Brockville, Westport and North-Western Railway

Overview
- Dates of operation: 1888–1919
- Successor: Canadian Northern Railway Westport Subdivision

Technical
- Track gauge: 4 ft 8+1⁄2 in (1,435 mm) standard gauge

= Brockville, Westport and North-Western Railway =

Railway in Ontario, Canada

The Brockville, Westport and North-Western Railway was a railway in Eastern Ontario, Canada. It was founded in 1884 as the Brockville, Westport & Sault Ste Marie Railway. Construction began in 1886 heading north-west from Brockville, Ontario to Westport, Ontario. The line opened March 4, 1888, between Westport and Brockville. From Lyn Junction to Brockville, the railway used trackage rights on the Grand Trunk Railway. In 1889, the line from Lyn Junction to Brockville opened. In 1894 the company was placed into receivership, and in 1903 it was sold by the court to a New York–based syndicate (Holm-Gerken-Schmitt-King) for $160,000 and re-incorporated as the Brockville, Westport and Northwestern Railway. The line was sold to William Mackenzie and Donald Mann from the Canadian Northern Railway in 1910, and was eventually amalgamated into the Canadian National Railways in 1919.

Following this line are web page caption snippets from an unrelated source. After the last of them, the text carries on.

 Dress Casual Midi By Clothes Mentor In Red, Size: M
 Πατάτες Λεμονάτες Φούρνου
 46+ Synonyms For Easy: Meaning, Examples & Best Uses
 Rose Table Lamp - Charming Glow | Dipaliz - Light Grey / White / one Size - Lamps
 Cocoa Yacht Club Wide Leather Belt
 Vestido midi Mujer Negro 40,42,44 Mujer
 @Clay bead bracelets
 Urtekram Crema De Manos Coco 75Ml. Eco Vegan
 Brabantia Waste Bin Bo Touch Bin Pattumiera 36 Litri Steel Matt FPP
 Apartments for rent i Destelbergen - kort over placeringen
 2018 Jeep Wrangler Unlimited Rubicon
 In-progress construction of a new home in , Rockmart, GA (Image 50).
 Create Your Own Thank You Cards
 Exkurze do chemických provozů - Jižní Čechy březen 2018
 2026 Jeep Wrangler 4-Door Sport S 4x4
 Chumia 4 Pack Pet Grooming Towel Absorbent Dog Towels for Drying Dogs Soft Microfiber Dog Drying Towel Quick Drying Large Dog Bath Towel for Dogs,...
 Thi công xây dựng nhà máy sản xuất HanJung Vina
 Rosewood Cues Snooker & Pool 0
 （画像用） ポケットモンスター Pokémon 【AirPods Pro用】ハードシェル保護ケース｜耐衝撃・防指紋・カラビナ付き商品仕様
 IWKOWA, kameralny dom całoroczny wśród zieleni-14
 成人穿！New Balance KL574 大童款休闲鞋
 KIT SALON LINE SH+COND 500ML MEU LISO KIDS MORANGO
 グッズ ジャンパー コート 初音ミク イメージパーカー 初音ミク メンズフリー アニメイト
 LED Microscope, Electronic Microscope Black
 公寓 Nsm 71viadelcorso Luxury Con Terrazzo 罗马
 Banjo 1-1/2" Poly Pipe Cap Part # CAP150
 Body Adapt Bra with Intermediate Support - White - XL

In 1921, passenger service was maintained by a 20-passenger REO gasoline-powered railcar. The line was abandoned from Lyn Junction to Brockville in 1922, and from Lyn Junction to the Phillips Cables plant in 1925.

An application to abandon the line from Lyn Junction to Westport was filed with the Board of Transport Commissioners in June 1951 and was approved (order number #49236) in 1952. Service ended on the line August 30, 1952, and was scrapped in late 1952 into the summer of 1953.